Passion and sublimation
The result of sublimation is the equivalent of ecstasy in the form of
aesthetics and the transformation of abjection to psychic greatness. The sublime and magnificent is attained with
the basest and most despised ingredients (Nietzsche F., 1908).
Through sublimation death, sexuality, aggression, loss of self, vulnerability
and isolation become embraced and exceeded without being negated or denied. The
externalization of fantasy, of desire, and fear, becomes a light that exiles
the shadows, broadens or modifies the ways through which the experience and
the self may be organized and acquire meaning.
In addition, part of the power of the sublime is the successful and sanctioned
discharge of desexualized libido. The dance has a strong erotic component.
According to Freud, «Beauty as sublimation of sexual desire, redirects libido
to be expressed without being negated without ever being vulgar.
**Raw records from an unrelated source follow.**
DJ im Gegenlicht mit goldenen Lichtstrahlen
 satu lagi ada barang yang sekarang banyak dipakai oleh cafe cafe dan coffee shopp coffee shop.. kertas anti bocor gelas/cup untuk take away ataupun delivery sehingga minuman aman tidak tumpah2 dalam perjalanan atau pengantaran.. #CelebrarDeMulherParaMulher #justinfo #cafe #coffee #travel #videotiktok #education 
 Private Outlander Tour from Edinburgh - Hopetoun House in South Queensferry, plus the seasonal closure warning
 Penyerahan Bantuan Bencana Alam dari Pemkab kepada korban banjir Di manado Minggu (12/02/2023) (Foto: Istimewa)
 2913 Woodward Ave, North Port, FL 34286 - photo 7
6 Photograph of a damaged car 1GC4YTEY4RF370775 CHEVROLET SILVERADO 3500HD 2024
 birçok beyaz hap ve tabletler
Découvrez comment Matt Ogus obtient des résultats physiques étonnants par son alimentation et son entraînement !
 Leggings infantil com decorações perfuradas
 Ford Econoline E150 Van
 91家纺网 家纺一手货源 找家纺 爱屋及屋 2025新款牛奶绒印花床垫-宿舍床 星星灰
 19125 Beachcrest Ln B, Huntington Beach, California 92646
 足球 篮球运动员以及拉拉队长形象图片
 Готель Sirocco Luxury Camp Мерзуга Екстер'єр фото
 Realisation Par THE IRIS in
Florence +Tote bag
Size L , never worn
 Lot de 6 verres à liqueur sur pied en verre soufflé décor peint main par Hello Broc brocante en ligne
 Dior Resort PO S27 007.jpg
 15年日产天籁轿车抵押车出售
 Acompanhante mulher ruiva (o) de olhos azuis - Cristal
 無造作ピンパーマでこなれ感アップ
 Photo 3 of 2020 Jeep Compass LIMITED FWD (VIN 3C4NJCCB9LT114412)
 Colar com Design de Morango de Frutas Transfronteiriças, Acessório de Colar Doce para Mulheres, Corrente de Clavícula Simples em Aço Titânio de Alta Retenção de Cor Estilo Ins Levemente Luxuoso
Kohut refers to sublimation as the larger issue of creativity in
general. During the late of 19th and the beginning of the 20th century social
and historical conditions in Argentina left people of the lower class feeling
empty, fragile, and fragmented. Music
and dance have particular importance for the man who is destabilized, as the
pain of the loss, defeat, loneliness, exile, is directed aesthetically in the
forms of tango.
Gustavo Hurtado says : "The
dance itself offered the final composition of the mourning of Creoles, of the
duel with knives and of the sexual intercourse ... The movement of the knife turns
into a corte in the rhythm ... almost
all the steps of tango have notations from the composition of the Creole
mourning and sexuality: the quebrada, the volteo, the media luna, the parada,
the cruzado, the rueda, the paso de lado, the corte, the paso atras, the embe
stida, the abanico, the medio corto cuerpeadas ......”
The despair of being incapable to resist to the threat of fragmentation
of self, and the pressure of unacceptable strivings, lead us in our
artistic activities to substitutive forms of discharge, mastery, and compliance
in a nonverbal medium that lies, usually, outside the field of inner conflict
(Kohut and Levarie, 1950).
The extraverbal nature of music and dance offers a subtle
transition" (by means of regression)"to preverbal modes of
psychological functioning.
In the earliest psychological organization (pre-ego, pre-object . .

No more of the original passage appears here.